Voulait être acrobate du Cirque du Soleil, est devenu consultant stratégique à Shanghaï.

« En fait, j’ai toujours été attiré par le mouvement sous toutes ses formes. Et quand j’allais voir les spectacles du Cirque du Soleil, c’était comme un rêve. Les costumes, les décors et, encore, le mouvement. Je voulais faire partie de ce qui m’impressionnait. Je voulais à mon tour impressionner et faire rêver les gens. Et, il faut l’avouer, j’étais déjà bien flexible donc je croyais en mes chances.

Quand on grandit dans un petit village, on n’a malheureusement pas toutes les opportunités à proximité. Quand il est venu le temps d’aller au secondaire, ma famille et moi avons regardé pour des programmes sport-études cirque.

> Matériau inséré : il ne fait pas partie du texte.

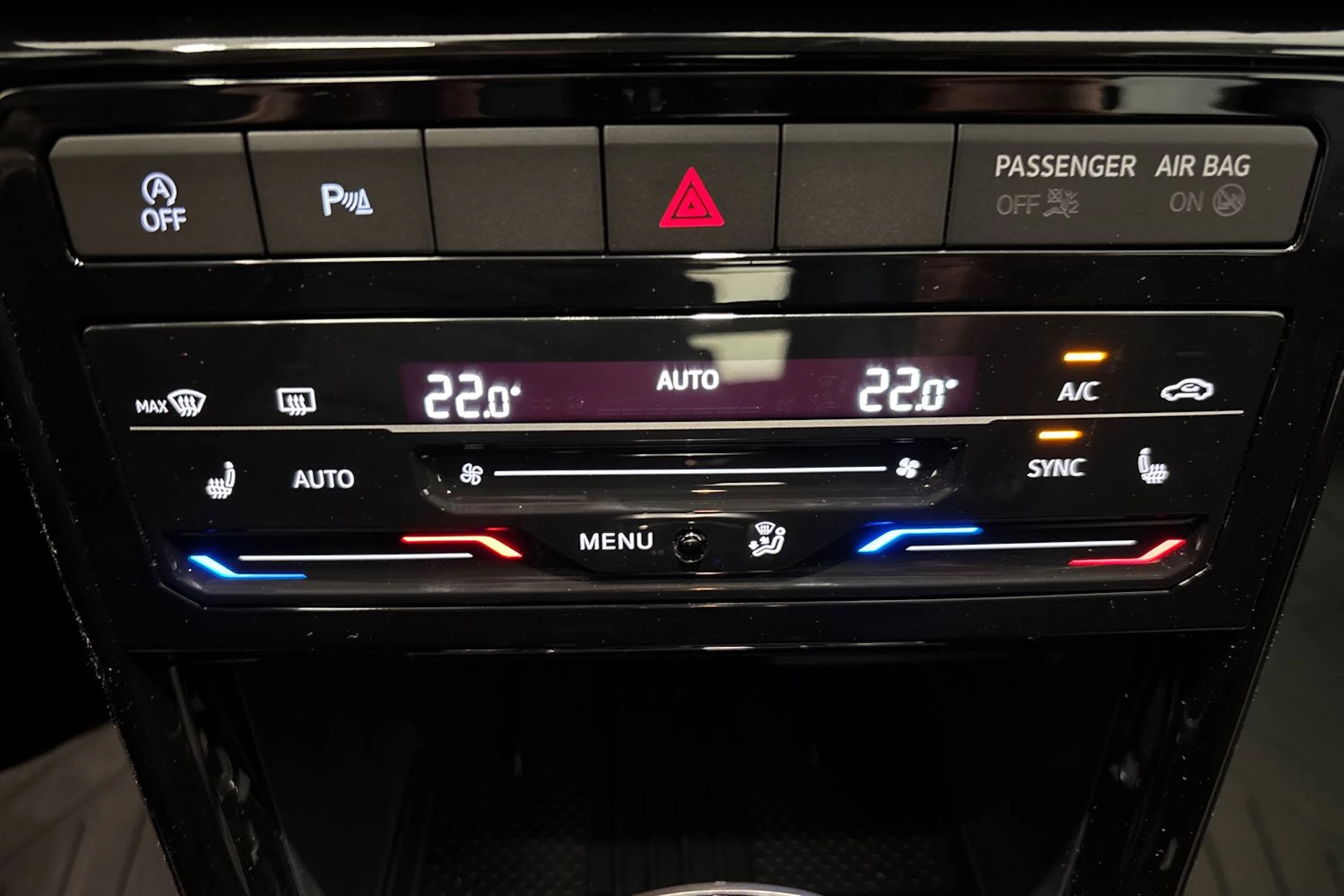 harmaa Volkswagen T-Cross 2026 kuva 27.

Et quand mes parents m’ont demandé si j’étais prêt à quitter la maison à un aussi jeune âge (j’avais 11 ans en secondaire 1), la réponse a été non. J’ai donc intégré un programme de langues. D’année en année, je me suis rendu compte que le cirque était peut-être une passion et que les langues ainsi que l’international étaient ce vers quoi je devais me dévouer.

« Quand on grandit dans un petit village, on n’a malheureusement pas toutes les opportunités à proximité. »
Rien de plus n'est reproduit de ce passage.